For the past 35 days, the American Red Cross has coordinated volunteers and helped make the work of the National Guardsmen a lot easier. Guardsmen are assisting with distribution and lifting. At our fire stations, residents pick up water. How much you get is supposed to be dependent upon how many people are in your household. Residents can also pick up faucet filters. MDEQ (Michigan Department of Environmental Quality) and the American Red Cross have coordinated to administer water testing kits to residents when they come to the fire stations. Fire stations are open 9AM-9PM every day.

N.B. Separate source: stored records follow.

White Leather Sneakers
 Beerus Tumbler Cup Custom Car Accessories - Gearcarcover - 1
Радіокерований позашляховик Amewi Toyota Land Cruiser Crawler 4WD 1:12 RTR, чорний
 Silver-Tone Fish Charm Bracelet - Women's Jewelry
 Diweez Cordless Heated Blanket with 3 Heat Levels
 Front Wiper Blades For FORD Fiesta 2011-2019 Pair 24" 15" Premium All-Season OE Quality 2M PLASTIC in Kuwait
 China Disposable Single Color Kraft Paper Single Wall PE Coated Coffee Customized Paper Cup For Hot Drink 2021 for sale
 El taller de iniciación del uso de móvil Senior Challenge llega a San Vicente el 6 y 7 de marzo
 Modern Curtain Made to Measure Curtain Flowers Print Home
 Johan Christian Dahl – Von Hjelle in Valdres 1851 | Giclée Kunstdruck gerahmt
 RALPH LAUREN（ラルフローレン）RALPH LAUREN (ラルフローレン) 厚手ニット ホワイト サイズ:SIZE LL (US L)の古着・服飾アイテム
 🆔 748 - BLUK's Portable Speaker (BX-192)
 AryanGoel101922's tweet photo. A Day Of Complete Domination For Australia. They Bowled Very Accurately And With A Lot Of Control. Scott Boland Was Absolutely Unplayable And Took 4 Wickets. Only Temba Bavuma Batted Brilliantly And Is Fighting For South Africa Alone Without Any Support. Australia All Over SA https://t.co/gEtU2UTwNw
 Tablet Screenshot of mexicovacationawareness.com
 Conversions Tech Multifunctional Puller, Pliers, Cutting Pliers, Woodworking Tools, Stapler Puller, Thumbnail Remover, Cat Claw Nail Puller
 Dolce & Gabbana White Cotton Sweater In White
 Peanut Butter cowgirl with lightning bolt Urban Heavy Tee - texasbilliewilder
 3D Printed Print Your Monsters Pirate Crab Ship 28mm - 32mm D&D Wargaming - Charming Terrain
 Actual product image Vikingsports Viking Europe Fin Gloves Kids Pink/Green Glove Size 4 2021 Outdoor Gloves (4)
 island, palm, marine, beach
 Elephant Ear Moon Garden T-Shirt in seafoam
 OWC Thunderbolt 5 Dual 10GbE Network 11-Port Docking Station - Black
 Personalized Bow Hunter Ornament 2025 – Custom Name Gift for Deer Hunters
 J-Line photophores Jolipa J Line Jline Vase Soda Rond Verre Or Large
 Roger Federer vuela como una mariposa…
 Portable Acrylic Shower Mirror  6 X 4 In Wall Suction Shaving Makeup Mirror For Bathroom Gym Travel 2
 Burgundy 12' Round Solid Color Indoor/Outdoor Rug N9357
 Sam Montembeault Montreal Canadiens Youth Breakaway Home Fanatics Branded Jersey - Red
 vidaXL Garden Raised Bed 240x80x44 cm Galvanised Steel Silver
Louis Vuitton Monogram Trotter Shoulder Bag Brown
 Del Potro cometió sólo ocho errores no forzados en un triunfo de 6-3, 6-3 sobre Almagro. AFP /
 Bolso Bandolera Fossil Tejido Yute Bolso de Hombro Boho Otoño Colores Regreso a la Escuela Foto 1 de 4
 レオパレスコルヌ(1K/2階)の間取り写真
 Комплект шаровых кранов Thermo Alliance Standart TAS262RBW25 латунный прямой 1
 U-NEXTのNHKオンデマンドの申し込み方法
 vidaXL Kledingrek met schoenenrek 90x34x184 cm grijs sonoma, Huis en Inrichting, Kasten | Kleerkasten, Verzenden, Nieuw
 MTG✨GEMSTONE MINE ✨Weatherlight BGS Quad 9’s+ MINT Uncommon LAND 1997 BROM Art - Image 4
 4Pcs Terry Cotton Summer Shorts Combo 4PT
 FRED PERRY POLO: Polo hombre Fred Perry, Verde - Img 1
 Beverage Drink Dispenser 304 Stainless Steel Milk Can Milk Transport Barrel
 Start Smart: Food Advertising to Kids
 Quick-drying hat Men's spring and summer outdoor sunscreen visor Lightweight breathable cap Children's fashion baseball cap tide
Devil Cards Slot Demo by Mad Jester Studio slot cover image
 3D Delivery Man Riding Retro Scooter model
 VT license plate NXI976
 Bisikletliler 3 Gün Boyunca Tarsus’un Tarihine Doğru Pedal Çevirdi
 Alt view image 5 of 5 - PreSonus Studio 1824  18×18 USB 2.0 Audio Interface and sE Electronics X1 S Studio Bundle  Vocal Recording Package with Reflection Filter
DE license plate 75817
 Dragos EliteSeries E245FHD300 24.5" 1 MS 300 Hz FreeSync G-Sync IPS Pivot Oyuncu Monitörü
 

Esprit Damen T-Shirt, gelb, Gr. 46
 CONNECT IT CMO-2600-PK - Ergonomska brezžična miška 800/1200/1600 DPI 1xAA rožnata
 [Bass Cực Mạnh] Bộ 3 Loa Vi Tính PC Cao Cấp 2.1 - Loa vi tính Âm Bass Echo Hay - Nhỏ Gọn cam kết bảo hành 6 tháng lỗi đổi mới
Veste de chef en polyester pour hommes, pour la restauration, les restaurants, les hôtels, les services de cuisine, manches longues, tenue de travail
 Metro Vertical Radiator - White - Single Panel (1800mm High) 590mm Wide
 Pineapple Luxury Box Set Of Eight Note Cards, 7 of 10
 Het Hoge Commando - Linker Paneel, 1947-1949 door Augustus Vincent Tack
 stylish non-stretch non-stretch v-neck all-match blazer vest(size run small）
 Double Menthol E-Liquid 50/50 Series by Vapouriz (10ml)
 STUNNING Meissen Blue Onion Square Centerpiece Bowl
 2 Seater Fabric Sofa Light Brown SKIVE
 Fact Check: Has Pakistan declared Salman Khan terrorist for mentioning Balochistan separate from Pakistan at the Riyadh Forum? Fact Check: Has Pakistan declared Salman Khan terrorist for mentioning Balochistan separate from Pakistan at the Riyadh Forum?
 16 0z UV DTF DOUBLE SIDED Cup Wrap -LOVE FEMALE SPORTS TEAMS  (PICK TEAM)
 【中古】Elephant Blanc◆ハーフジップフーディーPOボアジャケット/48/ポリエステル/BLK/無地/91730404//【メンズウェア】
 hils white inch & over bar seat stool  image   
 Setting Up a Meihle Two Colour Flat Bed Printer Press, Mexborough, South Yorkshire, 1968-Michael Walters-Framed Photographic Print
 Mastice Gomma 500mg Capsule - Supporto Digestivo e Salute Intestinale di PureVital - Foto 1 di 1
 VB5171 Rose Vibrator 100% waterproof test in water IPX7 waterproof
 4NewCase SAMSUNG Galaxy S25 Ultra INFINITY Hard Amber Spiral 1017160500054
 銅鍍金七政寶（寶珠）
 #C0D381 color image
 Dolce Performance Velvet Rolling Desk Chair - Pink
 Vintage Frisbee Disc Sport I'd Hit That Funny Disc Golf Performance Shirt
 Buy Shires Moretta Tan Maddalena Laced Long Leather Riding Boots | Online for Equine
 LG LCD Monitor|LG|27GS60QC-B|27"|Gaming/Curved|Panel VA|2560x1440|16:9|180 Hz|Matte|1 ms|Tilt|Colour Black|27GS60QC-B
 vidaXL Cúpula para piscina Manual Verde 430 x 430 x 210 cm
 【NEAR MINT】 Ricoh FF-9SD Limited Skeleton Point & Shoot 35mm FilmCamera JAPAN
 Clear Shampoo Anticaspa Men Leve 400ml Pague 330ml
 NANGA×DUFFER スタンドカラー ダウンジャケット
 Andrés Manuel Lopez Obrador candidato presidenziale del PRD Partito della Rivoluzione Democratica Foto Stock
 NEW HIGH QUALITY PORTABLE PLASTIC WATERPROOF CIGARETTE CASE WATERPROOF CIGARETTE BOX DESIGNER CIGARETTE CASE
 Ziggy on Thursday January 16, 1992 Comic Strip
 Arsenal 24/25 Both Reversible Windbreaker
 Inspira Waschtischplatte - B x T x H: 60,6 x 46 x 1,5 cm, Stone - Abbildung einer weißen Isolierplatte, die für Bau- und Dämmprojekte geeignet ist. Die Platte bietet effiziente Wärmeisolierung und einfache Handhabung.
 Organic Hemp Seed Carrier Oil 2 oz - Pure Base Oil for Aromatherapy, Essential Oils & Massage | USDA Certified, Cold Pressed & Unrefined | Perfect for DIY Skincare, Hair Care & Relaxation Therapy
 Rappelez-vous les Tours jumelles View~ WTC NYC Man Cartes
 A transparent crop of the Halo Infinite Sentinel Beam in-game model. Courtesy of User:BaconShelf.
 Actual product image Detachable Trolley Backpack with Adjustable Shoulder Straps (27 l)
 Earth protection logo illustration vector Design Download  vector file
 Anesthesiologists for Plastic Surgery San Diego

Aside from the fire stations, local churches and organizations are receiving large donations. Many churches have coordinated water drives for residents. Some allow residents to fill up their vehicle. The Islamic community has stepped up by coordinating drives every Saturday, along with providing free lead testing and pre-counseling to Flint residents. Free lead testing is happening every week, but it is hard to get tested because these events draw large numbers.
This crisis has gained so much attention from national celebrities. Celebrities have donated, with the wave of donations started by Cher. A California-based rapper, The Game, donated $1.5 million. Some celebrities have come to see Flint for themselves. Many people who I never imagined meeting in my life. I saw Russell Simmons film his segment in my neighborhood and it’s something that I won’t forget. I won’t forget how I nearly fainted when I saw Jesse Jackson sitting fifteen feet in front of me. Growing up in Flint, we used to always say, “Man, nobody will EVER come to Flint.” I can admit how wrong I was during my whole childhood.
Living in Flint, MI right now is very different from everything that I’ve endured in my nearly 25 years. First, it is really difficult to avoid the media. Second, the water rate in Flint is four times higher than what it was five years ago, along with being one of the highest in the nation. In residential living quarters, using bottled water for everything is beyond an inconvenience. Our water is really only good for flushing purposes. I have to clean dishes and food with bottled water. I have to brush my teeth with bottled water. I have to wash my hair with bottled water. My eczema has been much harder to manage, and my mother can say the same for her psoriasis. My family no longer has to buy bottled water, so my family is saving around $300/month. But, we have so many donations that we have cases of water in our kitchen, living room, bathroom, and our broken car. My family is determined that we will be prepared for when the donations and aid stop coming and we are forced to combat this issue on our own again.
Citizens like my family and I feel minimal faith in our government right now. We have to think more long-term for ourselves because our government still isn’t doing it. The immediate aid that we are receiving will cease come early April. Our government isn’t providing feasible and sustainable temporary solutions. Our government refuses to acknowledge that shower filters are a necessity, in addition to faucet filters. Our government hasn’t begun action on any realistic and sustainable long-term solutions. We haven’t heard anything about support services being given to students and children of Flint. Our government failed to inform all citizens of the lead contamination. Our non-English speaking population was forgotten.
As a citizen, I can believe that we are all thankful for everyone who has donated. We are thankful for the journalists who made this crisis become a national story. I’m very thankful for Rachel Maddow filming a town forum inside the gymnasium of Holmes STEM Academy. I am thankful for every national leader and celebrity who has taken the time to walk the streets of Flint. I’m thankful for everyone community leader who has coordinated a water distribution drive. Caring about our community is what keeps us strong.